▸ Data:
------------------------
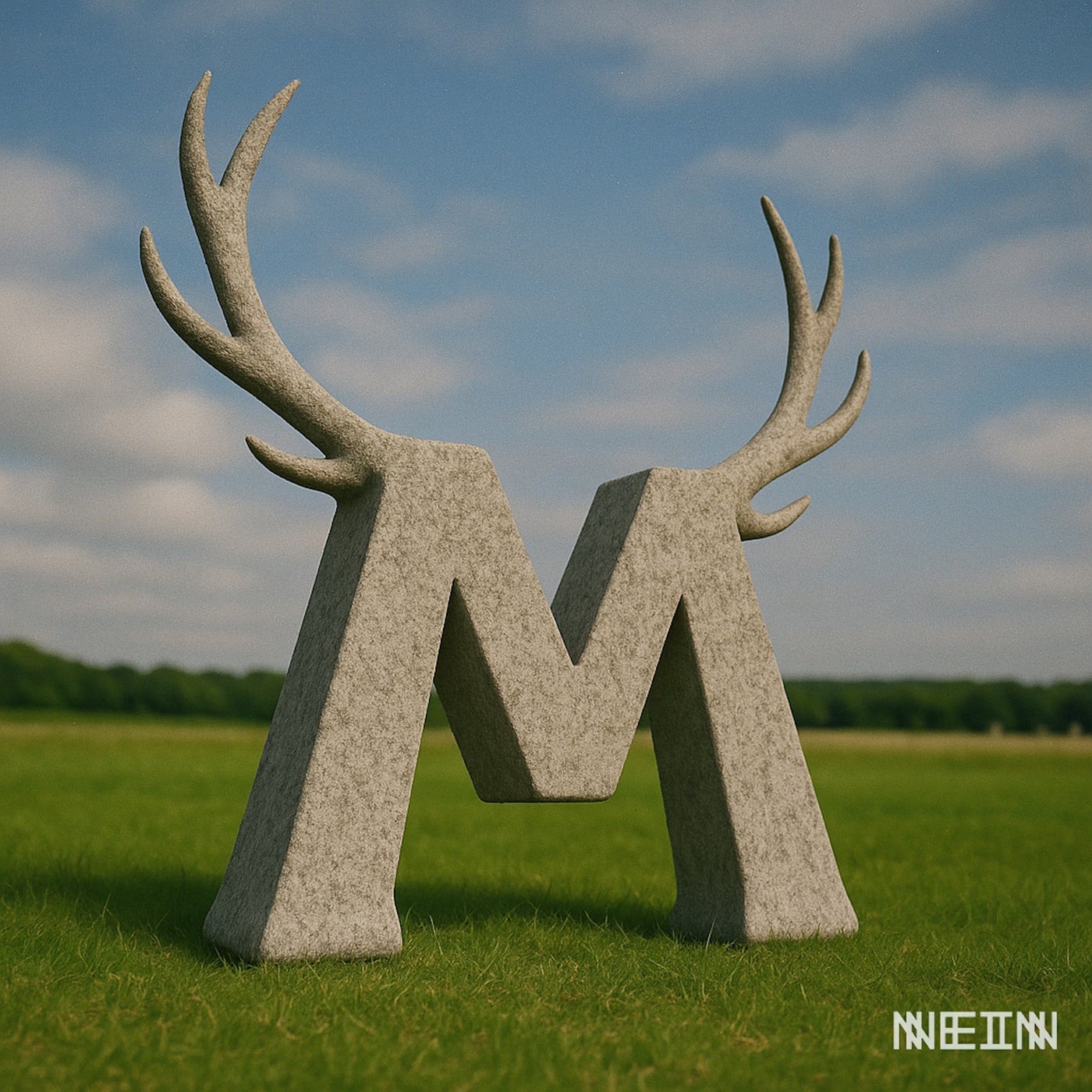 Cover art for Marble Antlers
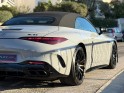 Mercedes sl 63 amg 4matic v8 bi-turbo de 4,0l 585ch / full options sauf céramique / en stock occasion  simplicicar nice -...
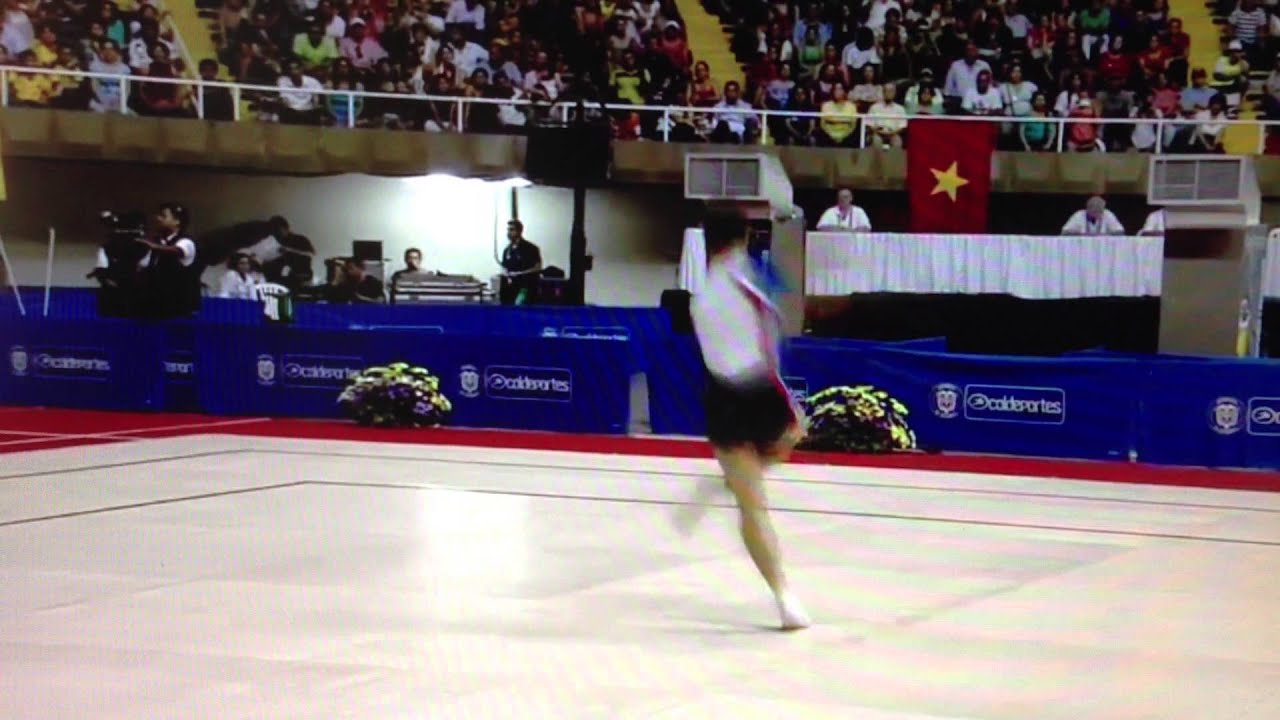 IM - GARAVEL Benjamin, World Games 2013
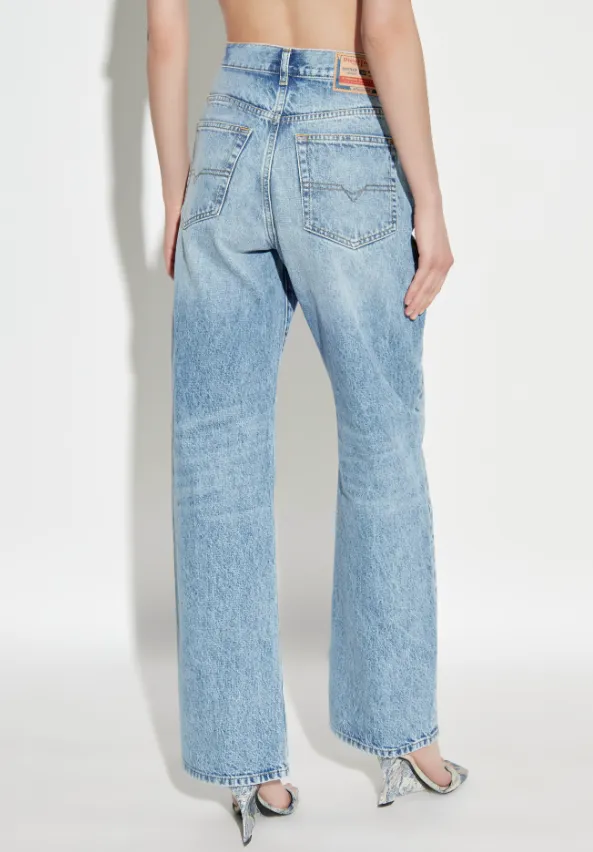 1971 D-Sent Five-Pocket Jeans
------------------------
The images are to be left out; every line above should be set down exactly.

▸ Exercise result:
 Cover art for Marble Antlers
 Mercedes sl 63 amg 4matic v8 bi-turbo de 4,0l 585ch / full options sauf céramique / en stock occasion  simplicicar nice -...
 IM - GARAVEL Benjamin, World Games 2013
 1971 D-Sent Five-Pocket Jeans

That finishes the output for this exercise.